There is only one kind of equal temperament but countless possible types
of unequal temperament. Thus the latter opens up to speculative
musicians an unstinting source of modifications, and since every
musician will readily invent one, the result will be that from time to
time we shall be presented with a new type of unequal temperament, and
everyone will declare his own the best.

[end of quote]

Late, yes, but it is the practice of each musician finding his own
solution that I wish to point out.

Joseph's problem is what we might call Chronic Revolutionary Syndrome.
He and I are both old enough to remember when we had to fight against
the then prevailing idea that Bach wrote the WTC to show how great ET
was. It is common for revolutionaries to swing too far in the opposing
direction, which may in fact be necessary initially to begin tipping the
balance. But the danger is always that of going too far, so far that you
keep on going into extremism in the other direction. This seems to be
Joseph's current position. He would have us believe that not only did
Bach NOT advocate ET, but (at least early on) he was a old-fashioned
conservative, ignoring the general trends of his time and sticking to
the temperaments of earlier centuries, an anachronistic hold-over
unaware of the debates ragging around him. This may produce
"interesting" sounding recordings, but does nothing to help correct the
situation. Actually, considering the degree of audible distance of both
near meantone temps and equal in comparison to more historically
plausible "Bach" temperaments (i.e., Valotti- or Neidhardt-like well
temperaments), I would posit that Joseph's use of the former is a
greater falsification of the original sound of this music than
performances/recordings which make use of equal temperament. Musicians
themselves are also somewhat to blame for this skewed idea of historical
intonation: many harpsichordists are unaware of all but the most basic
well temperaments, such as Kirnberger and Werkmeister, and these
easy-to-set though unsophisticated systems find a current frequency of
usage which probably has little historical basis, again creating a false
impression of the severity of the harmonies in much of the music in Bach.
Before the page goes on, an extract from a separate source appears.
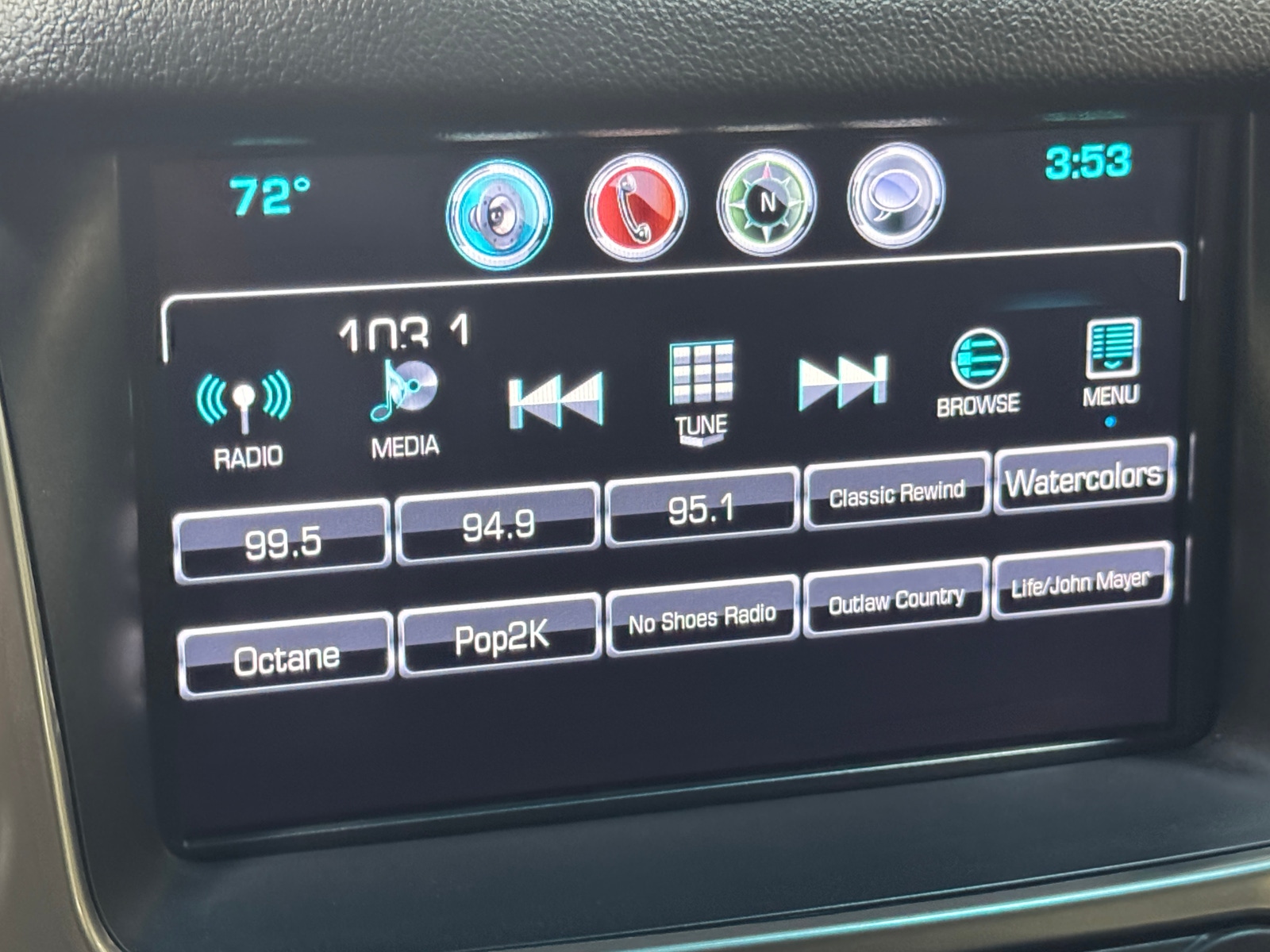 Thumbnail: 2019 Chevrolet Tahoe - 3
Hopefully the pendulum will eventually swing back again until it comes
to rest at the middle point suggested by the cool-headed scholarly work
of Lindley and others. But until those who offer their professional
services as producers/technicians of "historically informed" recordings
actually become "historically informed" themselves, we are no better off
than we were in the 1950's in this respect.

PP

PS Because of space, I have left reams and reams of info out in this
selection of quotes from Lindley. I recommend the article to everyone.

For anyone who wants to try them, I can give you the cents deviation
from equal for various Neidhardt and Sorge temperaments for tuning by
machine. If you want to set them by ear, I can give you the comma
division logic, and you'll have to work out your own beat rates/tuning sequence.